| EXERCISE |
Repeat every entry word for word. Images do not belong in the copy.

| Source records |
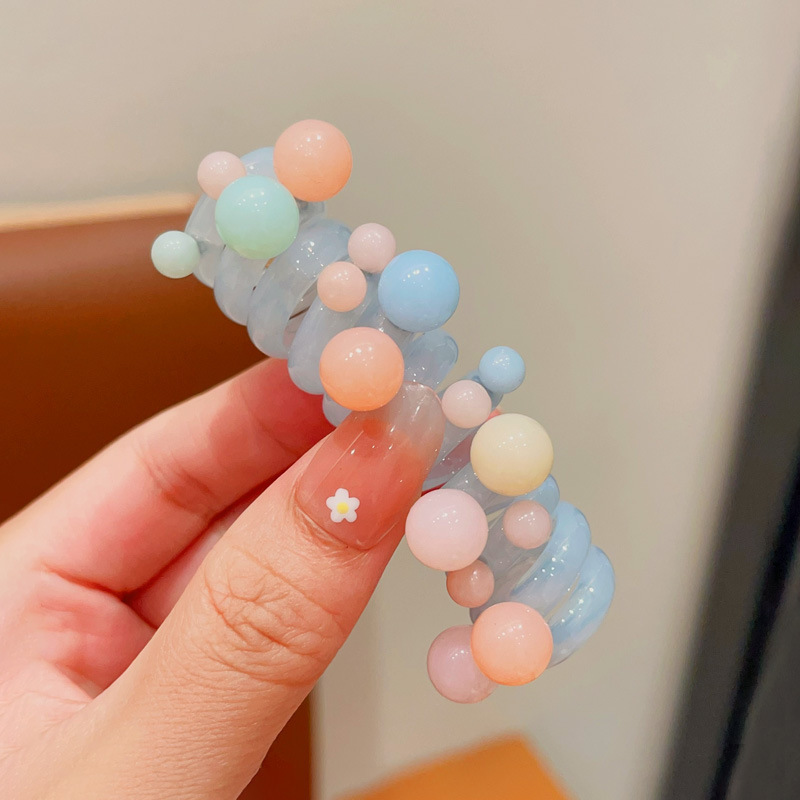 Línea telefónica trenzada transfronteriza, anillo para el cabello, perla, cabello trenzado recto, artefacto femenino, cola de caballo alta, burbuja, cabello trenzado, cuerda, accesorios para el cabello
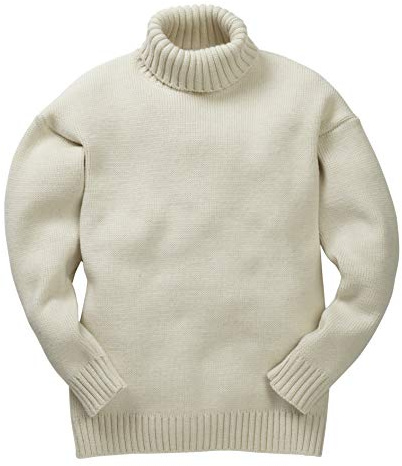 Merino Wool Submariner Sweater, Ecru, XL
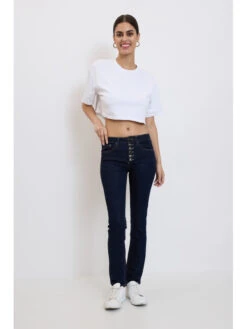 Jeans Droit Taille Haute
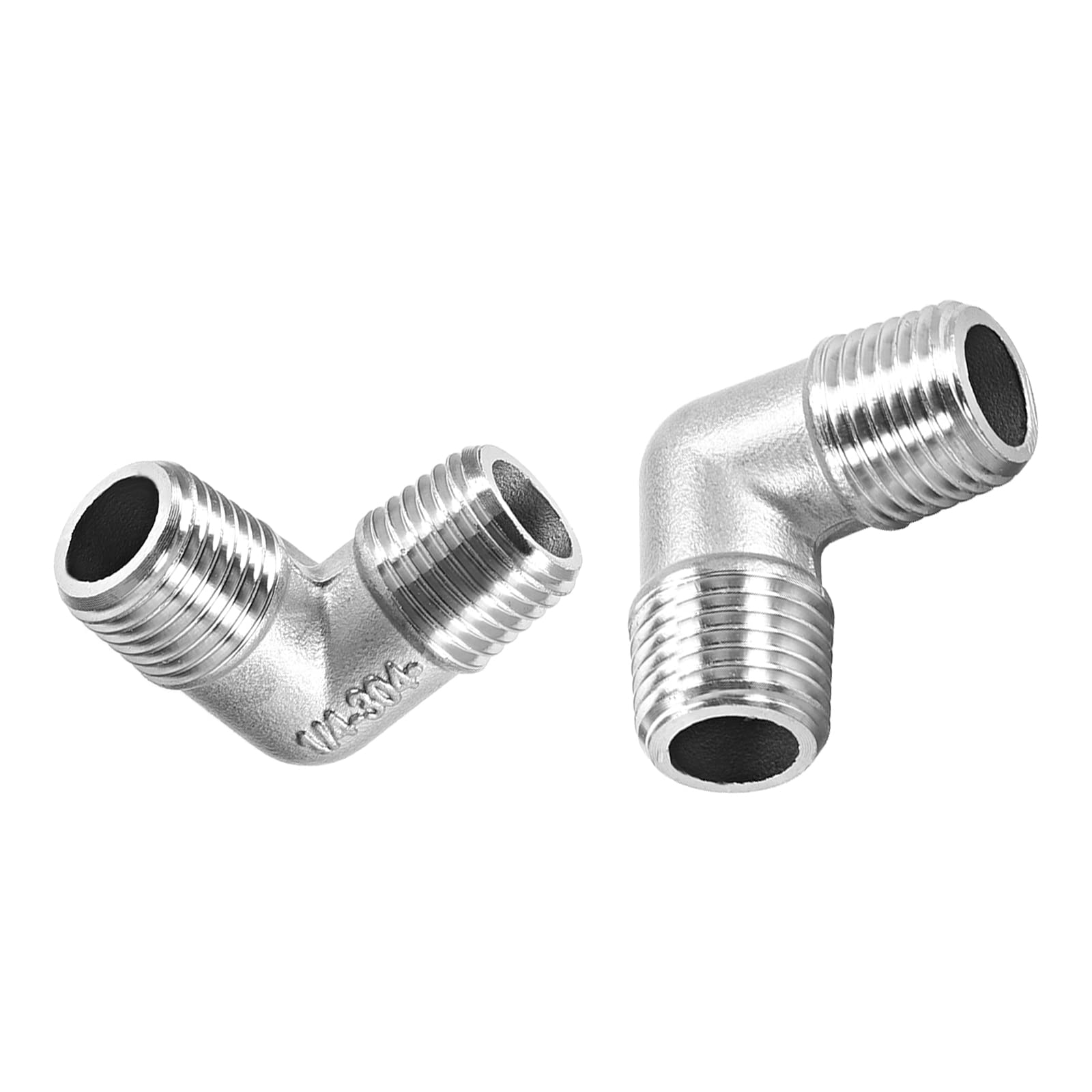 DTGN 1/4BSPT x 1/4BSPT(Male x Male) 90 Degree Pipe Fitting - 2Pack - Good for Water Pipe System - 304 Stainless Steel Elbow Fittings - Silver Tone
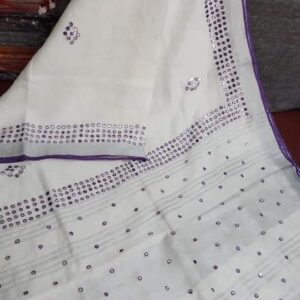 100% Pure Linen by Linen Hand Mirror Work Saree – N FABRICS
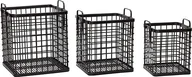 Pudła i pojemniki do przechowywania - Hübsch Koszyk Hübsch kwadratowy czarny bambusowy z uchwytami 3 szt. 30406 - miniaturka - grafika 1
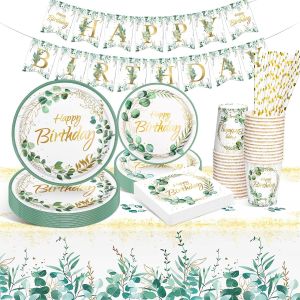 Tianyi-Vaisselle Anniversaire, Vert Or Party Supplies Set, Vaisselle De F&ecirc;te Assiette Papier Tasse Serviette Nappe Paille Pour Decoration Anniversaire Baby Shower (16 Invit&eacute;s) - Neuf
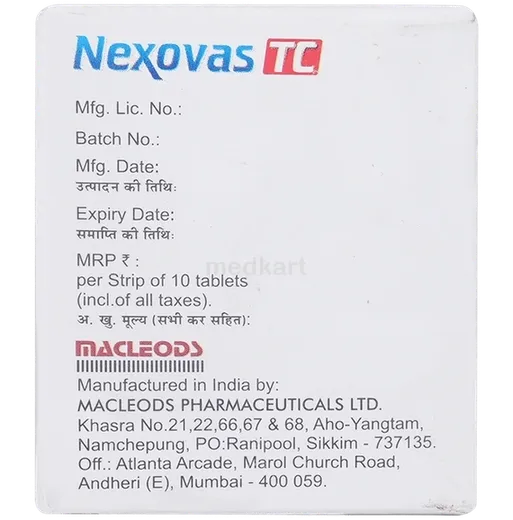 nexovas tc 40/10/12.5mg tablet 10's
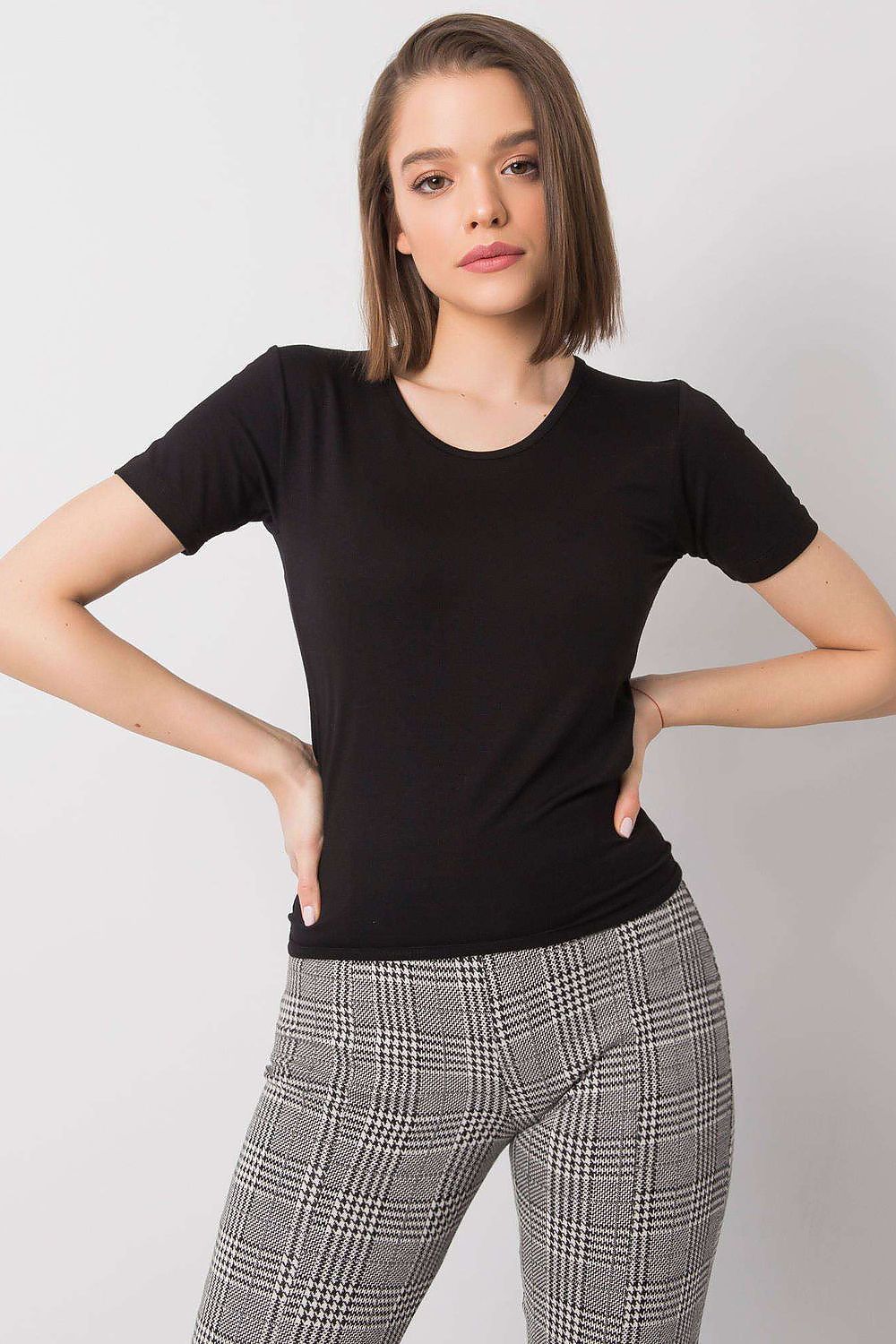 Black short-sleeve blouse with round neckline and fitted silhouette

| RESPONSE AREA |
 Línea telefónica trenzada transfronteriza, anillo para el cabello, perla, cabello trenzado recto, artefacto femenino, cola de caballo alta, burbuja, cabello trenzado, cuerda, accesorios para el cabello
 Merino Wool Submariner Sweater, Ecru, XL
 Jeans Droit Taille Haute
 DTGN 1/4BSPT x 1/4BSPT(Male x Male) 90 Degree Pipe Fitting - 2Pack - Good for Water Pipe System - 304 Stainless Steel Elbow Fittings - Silver Tone
 100% Pure Linen by Linen Hand Mirror Work Saree – N FABRICS
 Pudła i pojemniki do przechowywania - Hübsch Koszyk Hübsch kwadratowy czarny bambusowy z uchwytami 3 szt. 30406 - miniaturka - grafika 1
 Tianyi-Vaisselle Anniversaire, Vert Or Party Supplies Set, Vaisselle De F&ecirc;te Assiette Papier Tasse Serviette Nappe Paille Pour Decoration Anniversaire Baby Shower (16 Invit&eacute;s) - Neuf
 nexovas tc 40/10/12.5mg tablet 10's
 Black short-sleeve blouse with round neckline and fitted silhouette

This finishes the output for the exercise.